Apart from the images, reproduce all of the data word for word.

[Stored items]
========

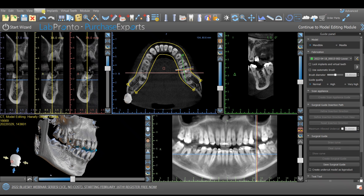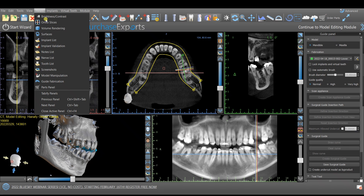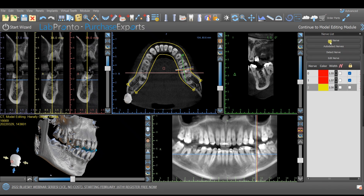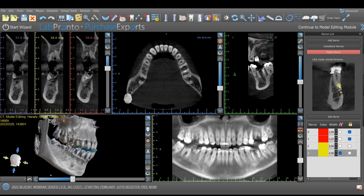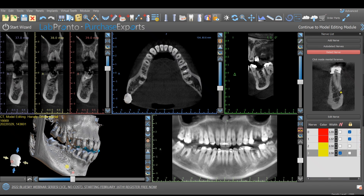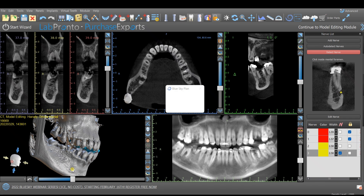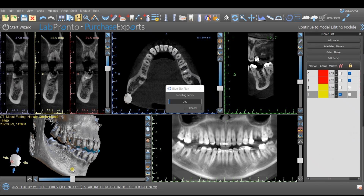We will go to Panels > Nerve List > Add Nerve > Detect Nerve. We will use the 3D view by clicking on the mental foramen here, and the software will auto-locate the nerve.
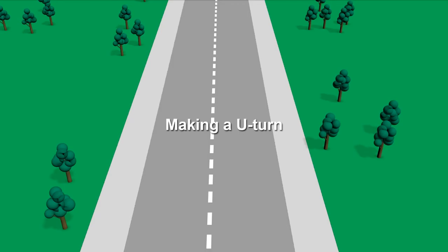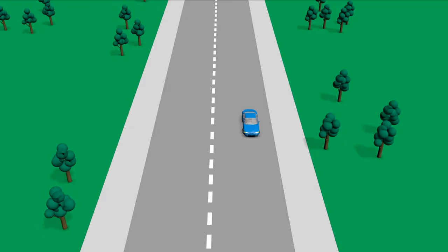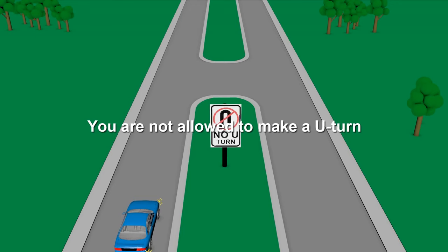U-turns. Making a U-turn. When making a U-turn, you must have a clear view of any approaching traffic and be able to make the turn without unreasonably obstructing the free movement of traffic. You must also give way to all vehicles and pedestrians.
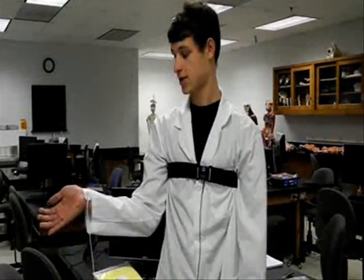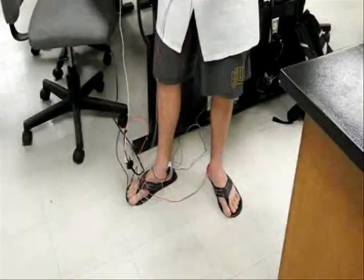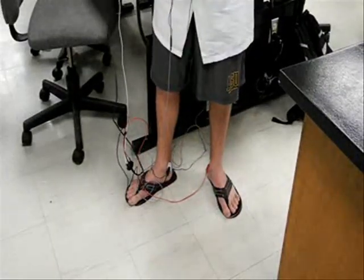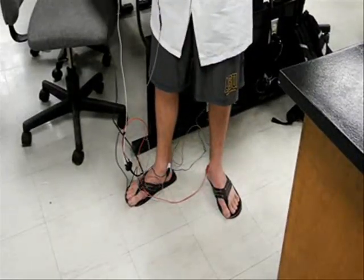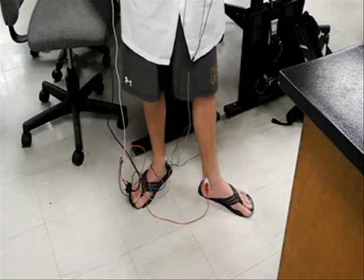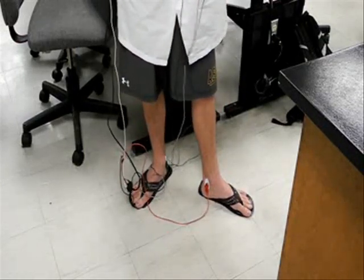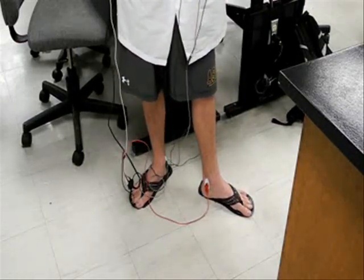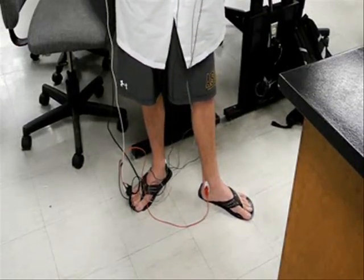The second thing we're going to connect is the set of three electrodes. This is going to go into channel two. The first electrode is going to be connected on your right wrist and it's going to be the white lead. The second electrode is going to be connected on your right ankle and it's going to be the black lead. And the third electrode is going to be connected to your left ankle and it's going to be the red lead.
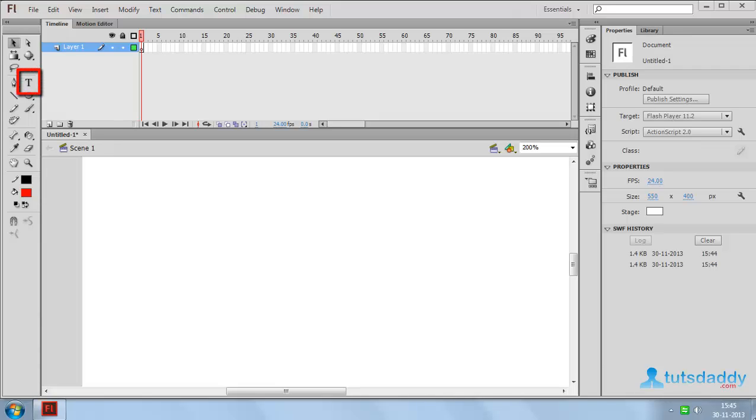Now we are going to learn about type tool. Shortcut key T.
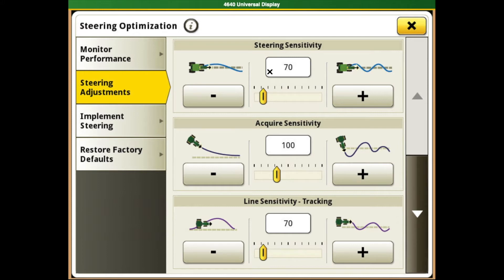On the other end of this subject is when you would have a lower steering sensitivity. Typically, a lower steering sensitivity is used in less aggressive steering conditions with low draft loads and higher speeds, such as hitch-drawn implements like discs and cultivators.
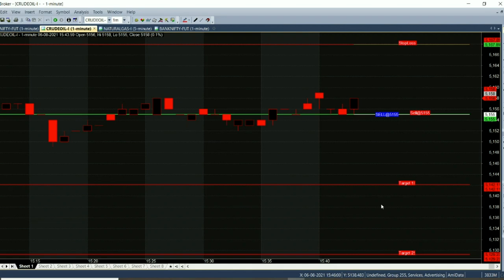Hello, we have a 1-minute chart. Today is August 6th. Time is 3:40pm. In this video, we will see the calls for the janitor.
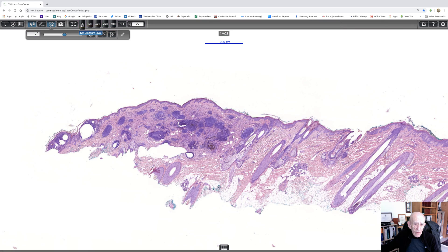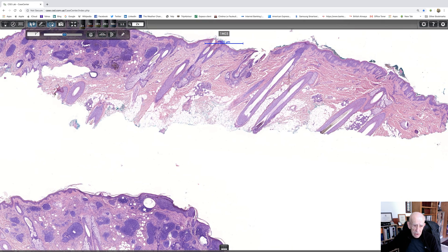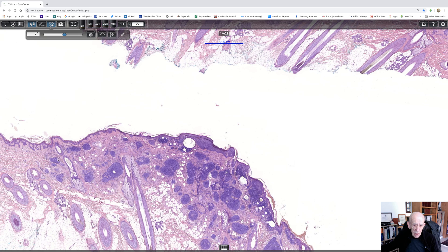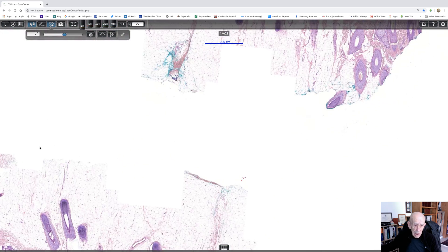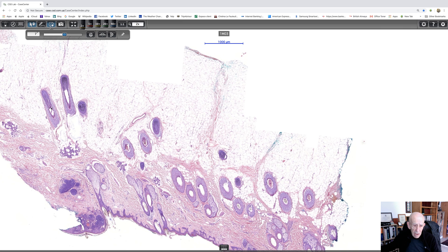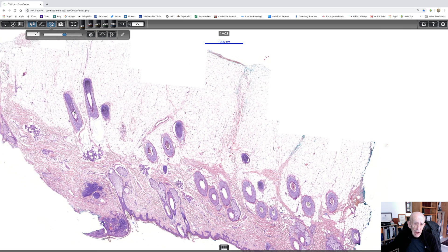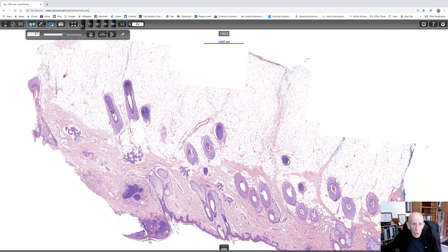There was a third bit, so I just wanted to make sure we're not missing anything important. Here's the third bit — and no, it's just an edge. I hope that's been of some interest to you. It's a beautiful example of a very typical trichoblastoma. Thank you very much for your attention.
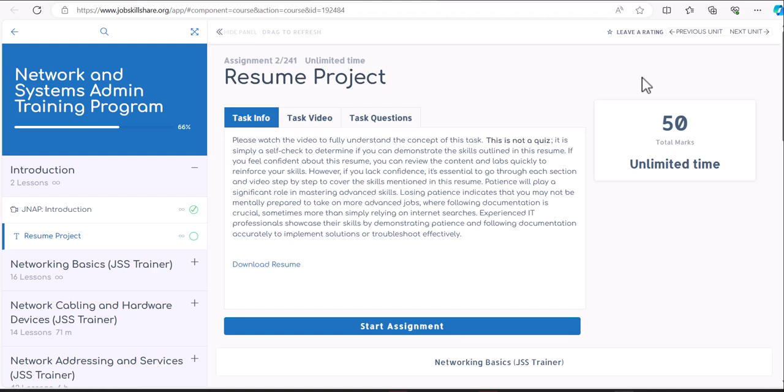In this video, we will discuss the resume project for the Network and Systems Admin Training Program course. If you're taking this with a coaching program, this is the same course that everybody's taking and you will be going through this project.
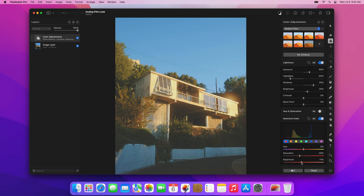Next, we'll make the reds warmer. Drag the hue slider toward orange to get a warmer look. Now, in both the orange and yellow color ranges, drag the hue slider toward red to make these colors warmer.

========

▸ **Result for this task**:
We will go to Panels > Nerve List > Add Nerve > Detect Nerve. We will use the 3D view by clicking on the mental foramen here, and the software will auto-locate the nerve.
U-turns. Making a U-turn. When making a U-turn, you must have a clear view of any approaching traffic and be able to make the turn without unreasonably obstructing the free movement of traffic. You must also give way to all vehicles and pedestrians.
The second thing we're going to connect is the set of three electrodes. This is going to go into channel two. The first electrode is going to be connected on your right wrist and it's going to be the white lead. The second electrode is going to be connected on your right ankle and it's going to be the black lead. And the third electrode is going to be connected to your left ankle and it's going to be the red lead.
Now we are going to learn about type tool. Shortcut key T.
On the other end of this subject is when you would have a lower steering sensitivity. Typically, a lower steering sensitivity is used in less aggressive steering conditions with low draft loads and higher speeds, such as hitch-drawn implements like discs and cultivators.
Hello, we have a 1-minute chart. Today is August 6th. Time is 3:40pm. In this video, we will see the calls for the janitor.
There was a third bit, so I just wanted to make sure we're not missing anything important. Here's the third bit — and no, it's just an edge. I hope that's been of some interest to you. It's a beautiful example of a very typical trichoblastoma. Thank you very much for your attention.
In this video, we will discuss the resume project for the Network and Systems Admin Training Program course. If you're taking this with a coaching program, this is the same course that everybody's taking and you will be going through this project.
Next, we'll make the reds warmer. Drag the hue slider toward orange to get a warmer look. Now, in both the orange and yellow color ranges, drag the hue slider toward red to make these colors warmer.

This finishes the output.